Cheney and Torture

We live in a dangerous world. Our enemies, and even some of our so-called friends, will stop at nothing to inflict even minor damage to our people, property and sense of security. When it comes to the psychological warfare we wage every day with terrorists, they continue to post gains.

Now more than ever, the American intelligence community needs every tool at its disposal. That’s why former Vice President Dick Cheney is right to come out and vigorously defend the techniques used to prevent another 9/11 attack.

Please don’t fall into the facile and even juvenile trap whereby the media portray what has taken place as “torture.” We’re talking about enhanced interrogation. Sure, it’s coerced questioning. But it’s been proven to work. Even Obama’s own security experts find value in the process.

It should be rare, because that’s how it remains effective. But don’t for a second trot out the argument that we as a nation are viewed as evil because we “torture.” We don’t. Bumper sticker lines don’t begin to encompass the efforts our intelligence agents employ to extract information. And what is the first priority of our government — to protect its citizenry from all enemies, foreign and domestic, or to ensure the world likes us? As former Rep. Dick Armey (R-Texas) used to say, “If you love peace more than freedom, you lose.”

Is what Dick Cheney authorized unpleasant? You bet. Would the detainees rather be sitting in silence, praying to their god for another chance to scavenge American lives? You bet. And if you think we get more intel because we let them read the Koran, you’re dead wrong. We can give these terrorists no quarter! If they’re not threatening the United States, then they have nothing to worry about. But if they are, God help them. That’s what everyday Americans deserve — an intelligence system that utilizes every tool.

The former vice president’s argument is sound. He’s vocal today because this country and the world should welcome a debate on what techniques should be allowed and which should not. The Obama administration and Democrats would prefer to stand at the podium and say, “Torture is wrong.” That’s great, but how do you formulate a policy that extracts information from uncooperative, mind-bent savages and murderers? Meanwhile, they cry like babies when the CIA reveals logs stating how many Dems were in the room when they acquiesced to such tactics.

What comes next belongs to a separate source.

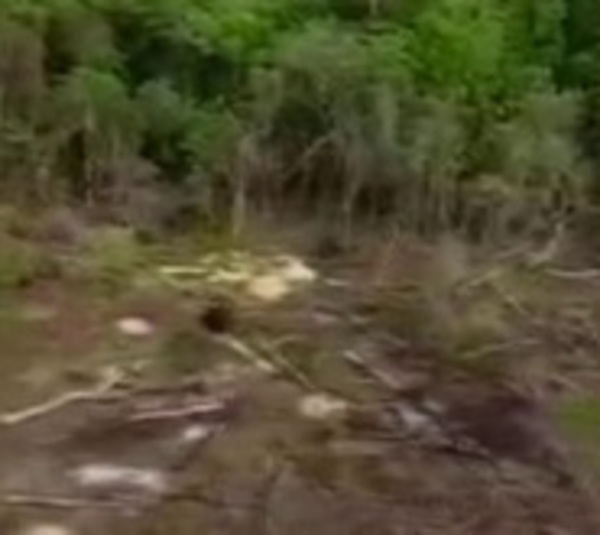 Reserva Morombi es destruida por narcotraficantes - Paraguay.com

Where was the outrage then?

To avoid a sensitive topic because you’re afraid of the political fallout is irresponsible at best and dangerous at worst. Obama didn’t feel constrained to avoid wading into the ethical brew surrounding stem cell research. So he should boldly stand at the threshold of this debate, take what Dick Cheney and others have revealed to heart, and have a serious discussion on what elements have and will continue to keep this country safe from the scourge of terrorism.